Segment Open

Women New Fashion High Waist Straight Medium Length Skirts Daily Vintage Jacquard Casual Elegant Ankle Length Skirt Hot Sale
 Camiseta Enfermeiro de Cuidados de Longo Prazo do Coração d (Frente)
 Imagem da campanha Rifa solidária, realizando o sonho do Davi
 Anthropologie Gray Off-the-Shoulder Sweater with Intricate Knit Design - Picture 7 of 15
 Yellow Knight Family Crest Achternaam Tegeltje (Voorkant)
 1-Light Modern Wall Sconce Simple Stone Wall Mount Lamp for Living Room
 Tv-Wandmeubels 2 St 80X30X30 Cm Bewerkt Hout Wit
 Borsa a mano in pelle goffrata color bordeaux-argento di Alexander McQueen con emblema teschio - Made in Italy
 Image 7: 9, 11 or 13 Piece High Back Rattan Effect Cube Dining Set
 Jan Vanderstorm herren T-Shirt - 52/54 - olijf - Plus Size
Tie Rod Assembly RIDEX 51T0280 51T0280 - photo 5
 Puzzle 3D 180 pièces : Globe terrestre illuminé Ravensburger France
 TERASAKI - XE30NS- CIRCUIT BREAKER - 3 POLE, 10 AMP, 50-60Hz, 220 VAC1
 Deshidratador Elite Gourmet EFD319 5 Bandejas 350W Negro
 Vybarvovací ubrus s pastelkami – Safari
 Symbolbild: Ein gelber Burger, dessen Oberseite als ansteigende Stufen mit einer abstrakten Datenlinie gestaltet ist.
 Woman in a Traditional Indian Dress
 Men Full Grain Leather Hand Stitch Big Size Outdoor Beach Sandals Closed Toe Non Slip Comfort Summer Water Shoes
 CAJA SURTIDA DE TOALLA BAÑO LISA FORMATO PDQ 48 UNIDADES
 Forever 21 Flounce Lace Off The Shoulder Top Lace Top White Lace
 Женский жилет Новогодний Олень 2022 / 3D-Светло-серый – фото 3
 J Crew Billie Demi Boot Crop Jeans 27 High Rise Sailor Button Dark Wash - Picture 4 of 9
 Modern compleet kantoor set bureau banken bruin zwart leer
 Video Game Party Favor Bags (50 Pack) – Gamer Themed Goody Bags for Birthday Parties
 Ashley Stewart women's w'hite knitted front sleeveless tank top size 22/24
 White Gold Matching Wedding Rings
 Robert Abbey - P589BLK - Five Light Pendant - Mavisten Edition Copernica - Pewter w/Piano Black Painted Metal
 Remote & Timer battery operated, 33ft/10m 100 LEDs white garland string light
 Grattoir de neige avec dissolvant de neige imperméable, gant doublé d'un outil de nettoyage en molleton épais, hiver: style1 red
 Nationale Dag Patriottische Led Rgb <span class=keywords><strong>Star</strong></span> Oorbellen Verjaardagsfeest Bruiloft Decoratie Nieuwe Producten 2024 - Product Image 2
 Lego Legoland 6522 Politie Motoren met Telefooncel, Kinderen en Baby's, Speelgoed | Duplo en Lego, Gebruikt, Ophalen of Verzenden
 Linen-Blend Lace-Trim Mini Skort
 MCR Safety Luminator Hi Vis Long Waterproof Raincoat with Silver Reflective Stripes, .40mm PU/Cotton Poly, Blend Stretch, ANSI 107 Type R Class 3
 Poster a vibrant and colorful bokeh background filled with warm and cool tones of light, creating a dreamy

Segment Closed

• DESCRIPTION OF THE TASK: Beginning with the line that contains "Nationale Dag Patriottische", each line of the records above through the last one must be printed word for word.

• EXERCISE RESPONSE:
 Nationale Dag Patriottische Led Rgb <span class=keywords><strong>Star</strong></span> Oorbellen Verjaardagsfeest Bruiloft Decoratie Nieuwe Producten 2024 - Product Image 2
 Lego Legoland 6522 Politie Motoren met Telefooncel, Kinderen en Baby's, Speelgoed | Duplo en Lego, Gebruikt, Ophalen of Verzenden
 Linen-Blend Lace-Trim Mini Skort
 MCR Safety Luminator Hi Vis Long Waterproof Raincoat with Silver Reflective Stripes, .40mm PU/Cotton Poly, Blend Stretch, ANSI 107 Type R Class 3
 Poster a vibrant and colorful bokeh background filled with warm and cool tones of light, creating a dreamy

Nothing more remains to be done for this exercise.